Fitting result of relative permeability curve is shown in Fig. 2, among of which, the discrete points denote the predicted water–oil relative permeability curve by network modeling the imbibition process, and the solid lines correspond to the typical relative permeability curve of the whole mount sandstone reservoirs with high permeability in Shengli oilfield. The predicted irreducible water saturation and residual oil saturation are 28.85 and 24.01 %, respectively. According to the typical relative permeability curve, the real values of endpoint saturation are 27.47 and 26.74 %, respectively. From analysis, it can be found that not only the endpoint saturations but also the trend of curve fitting is consistent.

Fig. 2
figure 2

Fitting of relative permeability curve

Macroscopic simulation method

Prediction and simulation on the production performance of oilfields are carried out in macroscopic scale. By adjusting the reservoir macro-parameters such as porosity, permeability, and relative permeability curve, the influence of reservoir parameters’ variation on oilfield development rules can be studied, and then, the internal relationship between reservoir macro-parameters and oilfield development rules can be established.

The model of oil–water two-phase flow is based on the following basic assumptions: the seepage flow of reservoirs is carried out at a certain temperature, there are oil phase and water phase in reservoirs, each phase follows the Darcy’s law, fluids and rocks are both compressible, and the influence of capillary pressure and gravity is considered. The mass conservation equations for different components are expressed as

As for water component,

$${\nabla } \times \left[ {\frac{{KK_{\text{rw}} }}{{B_{\text{w}} \mu_{\text{w}} }}\left( {{\nabla }P_{\text{w}} - \gamma_{\text{w}} {\nabla }Z} \right)} \right] + q_{\text{wsc}} = \frac{\partial }{\partial t}\left( {\frac{{\phi S_{\text{w}} }}{{B_{\text{w}} }}} \right)$$
(2)

As for oil component,

$${\nabla } \times \left[ {\frac{{KK_{\text{ro}} }}{{B_{\text{o}} \mu_{\text{o}} }}\left( {{\nabla }P_{\text{o}} - \gamma_{\text{o}} {\nabla }Z} \right)} \right] + q_{\text{osc}} = \frac{\partial }{\partial t}\left( {\frac{{\phi S_{\text{o}} }}{{B_{\text{o}} }}} \right),$$
(3)

where K is the formation permeability, ϕ is the porosity, K ro and K rw are, respectively, oil-phase and water-phase relative permeability, S o and S w are, respectively, oil-phase and water-phase saturation, P o and P w are, respectively, oil-phase and water-phase pressure, q osc and q wsc are, respectively, oil-phase and water-phase volume injected or produced per volume of unit rock, per unit time in ground conditions, B o and B w are, respectively, oil-phase and water-phase volume factor, γ o and γ w are, respectively, oil-phase and water-phase gravity, μ o and μ w are, respectively, oil-phase and water-phase viscosity, Z is the formation depth, and t is the production time.

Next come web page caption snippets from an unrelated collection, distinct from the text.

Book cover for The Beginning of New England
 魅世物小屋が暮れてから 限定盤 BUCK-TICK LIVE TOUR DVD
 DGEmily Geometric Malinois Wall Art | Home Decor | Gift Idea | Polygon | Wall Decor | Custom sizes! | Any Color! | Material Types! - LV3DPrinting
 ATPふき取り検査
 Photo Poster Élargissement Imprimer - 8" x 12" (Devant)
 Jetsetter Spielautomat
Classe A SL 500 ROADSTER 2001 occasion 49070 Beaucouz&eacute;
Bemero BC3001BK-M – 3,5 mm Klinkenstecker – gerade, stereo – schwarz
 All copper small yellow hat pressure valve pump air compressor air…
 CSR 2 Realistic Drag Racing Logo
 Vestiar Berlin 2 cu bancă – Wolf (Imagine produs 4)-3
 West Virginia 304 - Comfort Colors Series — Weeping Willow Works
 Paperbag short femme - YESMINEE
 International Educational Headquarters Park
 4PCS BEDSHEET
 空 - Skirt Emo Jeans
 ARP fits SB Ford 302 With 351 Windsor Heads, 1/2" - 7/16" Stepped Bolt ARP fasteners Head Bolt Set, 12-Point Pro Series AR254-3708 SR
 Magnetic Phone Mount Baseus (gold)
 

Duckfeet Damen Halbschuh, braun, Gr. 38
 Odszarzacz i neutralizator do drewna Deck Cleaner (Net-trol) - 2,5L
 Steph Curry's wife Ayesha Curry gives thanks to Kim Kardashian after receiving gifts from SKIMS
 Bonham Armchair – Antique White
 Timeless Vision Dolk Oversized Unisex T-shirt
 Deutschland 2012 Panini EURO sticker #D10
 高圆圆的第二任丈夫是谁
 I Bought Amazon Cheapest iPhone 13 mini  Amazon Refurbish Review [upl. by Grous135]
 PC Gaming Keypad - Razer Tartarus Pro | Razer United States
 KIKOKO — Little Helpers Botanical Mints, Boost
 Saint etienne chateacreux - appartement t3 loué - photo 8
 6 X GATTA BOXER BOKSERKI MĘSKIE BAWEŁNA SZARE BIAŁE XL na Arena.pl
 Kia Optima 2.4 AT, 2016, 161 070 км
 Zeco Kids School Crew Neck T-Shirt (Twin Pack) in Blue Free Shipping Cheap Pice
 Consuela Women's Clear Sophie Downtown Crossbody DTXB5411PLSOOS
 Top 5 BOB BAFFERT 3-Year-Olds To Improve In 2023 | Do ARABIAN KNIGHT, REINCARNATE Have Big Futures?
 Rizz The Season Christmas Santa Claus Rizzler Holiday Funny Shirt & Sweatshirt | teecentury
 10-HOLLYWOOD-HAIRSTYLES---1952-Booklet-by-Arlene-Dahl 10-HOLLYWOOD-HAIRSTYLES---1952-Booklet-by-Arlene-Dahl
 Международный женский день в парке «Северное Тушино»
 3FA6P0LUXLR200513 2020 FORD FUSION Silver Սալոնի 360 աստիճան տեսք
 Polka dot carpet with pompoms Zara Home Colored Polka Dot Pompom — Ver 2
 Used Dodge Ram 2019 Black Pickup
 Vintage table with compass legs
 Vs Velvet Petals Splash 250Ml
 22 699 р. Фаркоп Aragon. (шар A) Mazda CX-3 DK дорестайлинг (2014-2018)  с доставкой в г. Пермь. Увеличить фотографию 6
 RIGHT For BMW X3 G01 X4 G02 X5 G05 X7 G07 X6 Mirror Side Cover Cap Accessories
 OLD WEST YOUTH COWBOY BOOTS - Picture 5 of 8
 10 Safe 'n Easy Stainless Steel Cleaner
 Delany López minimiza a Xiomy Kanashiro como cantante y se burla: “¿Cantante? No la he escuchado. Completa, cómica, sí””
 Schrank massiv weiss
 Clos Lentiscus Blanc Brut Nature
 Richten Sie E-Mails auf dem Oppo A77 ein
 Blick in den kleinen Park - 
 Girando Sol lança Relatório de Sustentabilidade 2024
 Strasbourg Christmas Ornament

Time variability of reservoir parameters must have an effect on oilfield development rules. However, most of reservoir numerical simulators commonly used at present do not describe the variability of reservoir parameters. Injecting fluid for a long time is the basic reason of reservoir attaints for parameters’ variation. To improve the reservoir numerical simulator, a parameter related with injected water volume should be determined to establish the relationship between it and reservoir parameters’ variation.

Initially, an evaluation index (scour pore volume multiple) was introduced to quantitatively represent the erosion strength of injected water on reservoir. The scour pore volume multiple of each grid F DG is defined as

$$F_{\text{DG}} = \frac{{Q_{\text{TG}} }}{{V_{\text{PG}} \times N}},$$
(4)

where Q TG is the total flow of grid, namely the total of cumulative inflow or cumulative outflow in X direction, Y direction, and Z direction, V PG is the pore volume of grid, and N is the total number of grids simulated. Therefore, the scour multiple of injected water F DG is regard to be defined in a sense of the whole simulation area, which is essentially consistent with the physical meaning of the scour multiple of injected water defined in laboratory experiments.

Model modification for permeability’s time-variability

Fluid erosion to formation has the greatest effect on permeability. A secondary variation pattern is presented considering different change speeds of reservoir parameters in water flooding. The change multiple of permeability can be determined by

$$R_{K} = \frac{K}{{K_{0} }} = \frac{{R_{{K{ \hbox{max} }}} }}{{F_{\text{DGmax}}^{2} }}F_{\text{DG}}^{2},$$
(5)

where K 0 is the initial permeability of every grid, R Kmax is the largest change multiple of permeability, F DGmax is the largest scour pore volume multiple. If F DG ≥ F DGmax, R K  = R Kmax. In the process of improving the reservoir numerical simulator, the conductivity needs to be calculated again after modifying the permeability field.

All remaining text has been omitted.